O objetivo é fazer desse setor um segmento mais moderno, eficiente e sustentável em todas as suas etapas, levando em consideração que políticas de Environmental, Social and Governance (ESG), as boas práticas ambientais, sociais e de governança de uma companhia, são cada vez mais relevantes para os consumidores e para o mercado como um todo. Saliente-se, ainda, que são desafios atuais como digitalização da sociedade, segurança e desperdício alimentar, facilidades de logística reversa e mudanças climáticas que as foodtechs procuram resolver ou, ao menos, minimizar.
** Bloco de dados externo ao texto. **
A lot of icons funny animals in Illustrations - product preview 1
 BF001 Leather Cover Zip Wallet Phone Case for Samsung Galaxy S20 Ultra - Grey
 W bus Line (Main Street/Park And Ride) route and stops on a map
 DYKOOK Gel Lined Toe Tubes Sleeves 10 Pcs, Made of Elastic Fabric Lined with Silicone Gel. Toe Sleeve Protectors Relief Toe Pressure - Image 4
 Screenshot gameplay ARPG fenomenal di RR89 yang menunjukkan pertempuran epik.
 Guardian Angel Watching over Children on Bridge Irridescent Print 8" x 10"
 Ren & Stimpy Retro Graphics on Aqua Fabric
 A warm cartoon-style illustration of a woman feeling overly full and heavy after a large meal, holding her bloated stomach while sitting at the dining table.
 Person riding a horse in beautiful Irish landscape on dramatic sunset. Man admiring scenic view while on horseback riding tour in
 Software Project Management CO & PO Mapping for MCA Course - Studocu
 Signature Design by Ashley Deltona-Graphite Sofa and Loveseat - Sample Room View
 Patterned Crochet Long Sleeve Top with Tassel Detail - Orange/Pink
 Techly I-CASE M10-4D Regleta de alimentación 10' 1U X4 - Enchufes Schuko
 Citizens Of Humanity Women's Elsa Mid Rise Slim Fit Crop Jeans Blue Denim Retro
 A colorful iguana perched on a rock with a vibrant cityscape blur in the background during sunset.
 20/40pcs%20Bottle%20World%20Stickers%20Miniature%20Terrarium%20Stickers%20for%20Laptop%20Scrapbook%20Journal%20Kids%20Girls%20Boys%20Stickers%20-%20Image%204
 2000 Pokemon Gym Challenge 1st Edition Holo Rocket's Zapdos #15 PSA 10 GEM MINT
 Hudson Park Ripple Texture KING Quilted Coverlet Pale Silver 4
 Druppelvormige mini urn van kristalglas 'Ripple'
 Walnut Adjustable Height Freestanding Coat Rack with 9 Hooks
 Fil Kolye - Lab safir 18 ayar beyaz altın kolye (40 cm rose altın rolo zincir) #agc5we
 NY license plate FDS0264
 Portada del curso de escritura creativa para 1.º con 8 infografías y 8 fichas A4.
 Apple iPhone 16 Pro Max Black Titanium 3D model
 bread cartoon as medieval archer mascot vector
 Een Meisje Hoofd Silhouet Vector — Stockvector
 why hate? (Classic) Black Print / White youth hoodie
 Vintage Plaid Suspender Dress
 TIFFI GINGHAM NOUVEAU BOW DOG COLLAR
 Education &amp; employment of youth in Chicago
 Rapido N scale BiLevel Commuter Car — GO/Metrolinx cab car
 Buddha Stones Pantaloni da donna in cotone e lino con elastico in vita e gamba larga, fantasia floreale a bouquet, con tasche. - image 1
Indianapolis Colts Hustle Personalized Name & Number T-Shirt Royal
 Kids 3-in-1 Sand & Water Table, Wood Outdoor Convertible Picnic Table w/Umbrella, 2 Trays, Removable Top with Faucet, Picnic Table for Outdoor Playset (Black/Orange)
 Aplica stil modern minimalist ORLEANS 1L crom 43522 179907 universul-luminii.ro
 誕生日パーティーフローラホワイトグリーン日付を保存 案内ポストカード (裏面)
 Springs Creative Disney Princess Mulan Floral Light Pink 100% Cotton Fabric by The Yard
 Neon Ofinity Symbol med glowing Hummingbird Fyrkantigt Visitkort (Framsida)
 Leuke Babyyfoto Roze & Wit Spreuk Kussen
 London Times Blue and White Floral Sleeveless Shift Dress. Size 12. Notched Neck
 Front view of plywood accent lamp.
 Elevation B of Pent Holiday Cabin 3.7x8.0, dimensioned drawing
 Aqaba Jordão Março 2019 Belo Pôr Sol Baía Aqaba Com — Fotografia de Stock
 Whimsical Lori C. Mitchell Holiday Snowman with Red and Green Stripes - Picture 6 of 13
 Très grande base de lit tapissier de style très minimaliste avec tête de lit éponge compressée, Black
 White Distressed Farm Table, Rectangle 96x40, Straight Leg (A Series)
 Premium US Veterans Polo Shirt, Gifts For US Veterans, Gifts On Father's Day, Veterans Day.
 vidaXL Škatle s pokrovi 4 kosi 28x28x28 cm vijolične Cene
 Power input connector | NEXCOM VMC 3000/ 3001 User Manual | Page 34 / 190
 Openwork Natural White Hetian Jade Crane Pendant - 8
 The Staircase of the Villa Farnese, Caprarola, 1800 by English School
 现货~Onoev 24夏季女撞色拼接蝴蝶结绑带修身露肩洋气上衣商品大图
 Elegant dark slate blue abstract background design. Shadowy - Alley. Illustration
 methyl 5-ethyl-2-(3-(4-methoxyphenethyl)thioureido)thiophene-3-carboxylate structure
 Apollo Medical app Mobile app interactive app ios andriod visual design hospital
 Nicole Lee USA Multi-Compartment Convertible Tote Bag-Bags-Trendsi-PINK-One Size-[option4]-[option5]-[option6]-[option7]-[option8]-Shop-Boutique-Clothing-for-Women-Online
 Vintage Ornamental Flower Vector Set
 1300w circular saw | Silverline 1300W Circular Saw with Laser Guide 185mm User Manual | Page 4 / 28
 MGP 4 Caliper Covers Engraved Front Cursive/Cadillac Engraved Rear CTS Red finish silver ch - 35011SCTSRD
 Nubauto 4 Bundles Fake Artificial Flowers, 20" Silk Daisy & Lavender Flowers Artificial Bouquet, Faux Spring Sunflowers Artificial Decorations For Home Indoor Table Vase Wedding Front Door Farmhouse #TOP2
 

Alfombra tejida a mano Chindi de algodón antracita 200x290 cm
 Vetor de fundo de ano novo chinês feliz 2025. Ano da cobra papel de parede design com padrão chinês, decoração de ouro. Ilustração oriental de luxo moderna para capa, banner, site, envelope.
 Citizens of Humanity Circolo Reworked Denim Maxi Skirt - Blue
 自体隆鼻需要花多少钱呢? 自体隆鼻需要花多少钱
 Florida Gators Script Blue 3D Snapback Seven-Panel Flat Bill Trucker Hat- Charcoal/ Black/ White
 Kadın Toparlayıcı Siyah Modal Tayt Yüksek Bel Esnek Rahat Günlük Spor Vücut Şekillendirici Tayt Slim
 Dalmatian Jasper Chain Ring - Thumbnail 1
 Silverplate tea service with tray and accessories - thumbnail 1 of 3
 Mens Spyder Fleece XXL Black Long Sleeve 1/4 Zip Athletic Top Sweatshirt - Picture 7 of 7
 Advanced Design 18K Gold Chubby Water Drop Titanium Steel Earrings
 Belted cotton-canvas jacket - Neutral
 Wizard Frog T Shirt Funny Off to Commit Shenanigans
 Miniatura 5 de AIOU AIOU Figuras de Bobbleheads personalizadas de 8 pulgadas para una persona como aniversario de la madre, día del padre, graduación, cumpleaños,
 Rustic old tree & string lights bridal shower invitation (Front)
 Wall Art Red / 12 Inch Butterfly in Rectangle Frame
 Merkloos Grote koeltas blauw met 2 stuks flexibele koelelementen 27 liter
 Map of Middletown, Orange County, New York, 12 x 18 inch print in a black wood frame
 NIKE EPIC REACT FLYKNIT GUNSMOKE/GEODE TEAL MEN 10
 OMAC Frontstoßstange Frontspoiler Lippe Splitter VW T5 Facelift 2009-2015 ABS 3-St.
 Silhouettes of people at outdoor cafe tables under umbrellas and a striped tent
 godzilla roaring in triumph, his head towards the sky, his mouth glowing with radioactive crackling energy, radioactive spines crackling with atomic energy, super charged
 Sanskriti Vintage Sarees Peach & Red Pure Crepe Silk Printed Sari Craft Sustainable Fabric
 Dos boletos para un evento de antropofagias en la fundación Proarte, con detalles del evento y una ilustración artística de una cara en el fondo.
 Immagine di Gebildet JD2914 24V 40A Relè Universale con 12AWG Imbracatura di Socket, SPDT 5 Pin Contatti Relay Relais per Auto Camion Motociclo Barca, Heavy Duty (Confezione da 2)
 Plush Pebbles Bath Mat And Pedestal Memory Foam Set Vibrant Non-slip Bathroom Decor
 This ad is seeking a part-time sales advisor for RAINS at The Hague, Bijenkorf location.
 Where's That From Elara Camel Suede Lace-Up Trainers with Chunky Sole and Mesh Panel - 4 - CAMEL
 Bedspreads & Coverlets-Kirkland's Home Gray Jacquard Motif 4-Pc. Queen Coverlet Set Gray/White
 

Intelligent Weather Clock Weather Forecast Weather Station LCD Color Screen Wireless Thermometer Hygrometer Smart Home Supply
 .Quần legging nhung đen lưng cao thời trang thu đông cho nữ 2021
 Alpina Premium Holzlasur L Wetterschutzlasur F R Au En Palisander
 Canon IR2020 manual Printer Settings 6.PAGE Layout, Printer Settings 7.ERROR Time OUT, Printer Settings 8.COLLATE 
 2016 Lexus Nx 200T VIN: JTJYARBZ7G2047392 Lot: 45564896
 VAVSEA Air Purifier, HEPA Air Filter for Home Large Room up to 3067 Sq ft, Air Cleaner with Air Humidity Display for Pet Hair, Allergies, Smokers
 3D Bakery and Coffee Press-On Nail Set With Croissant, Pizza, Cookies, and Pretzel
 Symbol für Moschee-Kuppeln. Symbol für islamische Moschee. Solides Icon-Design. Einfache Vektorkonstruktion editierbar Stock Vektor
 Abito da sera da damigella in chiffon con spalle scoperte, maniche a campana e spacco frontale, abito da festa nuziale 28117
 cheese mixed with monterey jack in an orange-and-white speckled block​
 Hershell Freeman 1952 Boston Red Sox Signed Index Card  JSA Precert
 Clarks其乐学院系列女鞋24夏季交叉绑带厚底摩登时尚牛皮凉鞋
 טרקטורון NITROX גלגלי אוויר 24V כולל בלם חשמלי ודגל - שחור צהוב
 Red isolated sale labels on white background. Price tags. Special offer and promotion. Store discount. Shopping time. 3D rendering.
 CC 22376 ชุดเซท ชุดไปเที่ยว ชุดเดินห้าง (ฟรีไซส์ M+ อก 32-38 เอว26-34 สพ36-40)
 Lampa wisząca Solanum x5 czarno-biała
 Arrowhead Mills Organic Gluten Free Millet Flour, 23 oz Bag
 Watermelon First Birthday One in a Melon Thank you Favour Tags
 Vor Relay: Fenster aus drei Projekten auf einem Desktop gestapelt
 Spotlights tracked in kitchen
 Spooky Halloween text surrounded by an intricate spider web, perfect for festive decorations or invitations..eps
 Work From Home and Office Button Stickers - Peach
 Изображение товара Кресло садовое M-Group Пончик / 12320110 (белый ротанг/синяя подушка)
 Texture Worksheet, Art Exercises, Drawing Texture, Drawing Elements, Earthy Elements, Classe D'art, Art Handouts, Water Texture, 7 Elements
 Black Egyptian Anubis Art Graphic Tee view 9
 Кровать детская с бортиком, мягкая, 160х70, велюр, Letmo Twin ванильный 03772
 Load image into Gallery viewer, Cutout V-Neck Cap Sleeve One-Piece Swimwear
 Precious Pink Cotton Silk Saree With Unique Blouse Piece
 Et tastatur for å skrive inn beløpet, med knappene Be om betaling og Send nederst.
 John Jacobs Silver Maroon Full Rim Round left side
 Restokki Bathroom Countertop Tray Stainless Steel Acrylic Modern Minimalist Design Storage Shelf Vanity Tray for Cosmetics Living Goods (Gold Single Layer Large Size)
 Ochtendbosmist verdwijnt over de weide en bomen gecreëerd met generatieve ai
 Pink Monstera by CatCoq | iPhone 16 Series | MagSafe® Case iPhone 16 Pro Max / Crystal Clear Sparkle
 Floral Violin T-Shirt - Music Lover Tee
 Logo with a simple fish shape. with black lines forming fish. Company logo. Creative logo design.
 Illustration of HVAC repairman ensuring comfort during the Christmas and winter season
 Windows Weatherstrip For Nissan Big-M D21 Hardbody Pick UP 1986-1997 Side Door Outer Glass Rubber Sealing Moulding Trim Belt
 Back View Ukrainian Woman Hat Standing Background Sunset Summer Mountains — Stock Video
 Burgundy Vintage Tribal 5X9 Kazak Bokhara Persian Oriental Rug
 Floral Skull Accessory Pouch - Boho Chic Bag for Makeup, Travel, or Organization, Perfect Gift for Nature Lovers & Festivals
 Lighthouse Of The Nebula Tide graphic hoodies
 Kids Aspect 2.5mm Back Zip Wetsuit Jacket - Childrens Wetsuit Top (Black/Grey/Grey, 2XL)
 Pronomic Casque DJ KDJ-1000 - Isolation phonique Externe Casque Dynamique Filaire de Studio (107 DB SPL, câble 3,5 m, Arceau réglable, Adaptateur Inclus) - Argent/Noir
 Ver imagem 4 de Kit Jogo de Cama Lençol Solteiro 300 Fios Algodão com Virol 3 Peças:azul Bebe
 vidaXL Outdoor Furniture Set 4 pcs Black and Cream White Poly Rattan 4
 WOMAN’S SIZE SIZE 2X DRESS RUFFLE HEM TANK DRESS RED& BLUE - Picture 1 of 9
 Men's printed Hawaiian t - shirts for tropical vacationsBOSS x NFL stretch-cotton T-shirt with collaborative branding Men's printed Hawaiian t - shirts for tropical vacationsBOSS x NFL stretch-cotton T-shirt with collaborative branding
(…) as foodtechs envolvem toda a cadeia de alimentação, da produção ao delivery, passando por logística e gestão de dados e até mesmo por embalagens; as possibilidades são muito amplas. Em relação ao agronegócio nacional, o foco principal deve ser a produção. Ora, se somos grandes produtores de commodities, também temos capacidade para sermos referência em alimentos transformados.
Recentemente, Endeavor e Pepsico divulgaram um relatório sobre as principais tendências relacionadas a foodtechs em cinco países da América Latina: Brasil, Argentina, Chile, Colômbia e México. De um total de 323 startups mapeadas, 123 (praticamente um terço) são brasileiras. Segundo o estudo, nos últimos dez anos as foodtechs latino-americanas passaram por 206 rodadas de captação, com US$ 1,7 bilhão investido nos estágios iniciais. Além disso, essas empresas geraram mais de 29 mil empregos diretos. O que se vê, portanto, é que mercado e dinheiro para investir existem.
Ressalte-se, ainda, que as foodtechs envolvem toda a cadeia de alimentação, da produção ao delivery, passando por logística e gestão de dados e até mesmo por embalagens; as possibilidades são muito amplas. Em relação ao agronegócio nacional, o foco principal deve ser a produção. Ora, se somos grandes produtores de commodities, também temos capacidade para sermos referência em alimentos transformados.
Por aqui, eu destacaria, especialmente, as foodtechs voltadas à produção de alimentos à base de vegetais – ou plant based –, cujo consumo é estimulado pela adoção de um novo estilo de vida pelos brasileiros, o que inclui hábitos alimentares diferenciados. Para se ter ideia, uma pesquisa de 2018 do Ibope indicou que cerca de 30 milhões de pessoas são vegetarianas no país, crescimento de 75% em comparação com o que havia seis anos antes – mas mesmo quem permanece onívoro vem buscando reduzir o consumo de carne por diversos fatores.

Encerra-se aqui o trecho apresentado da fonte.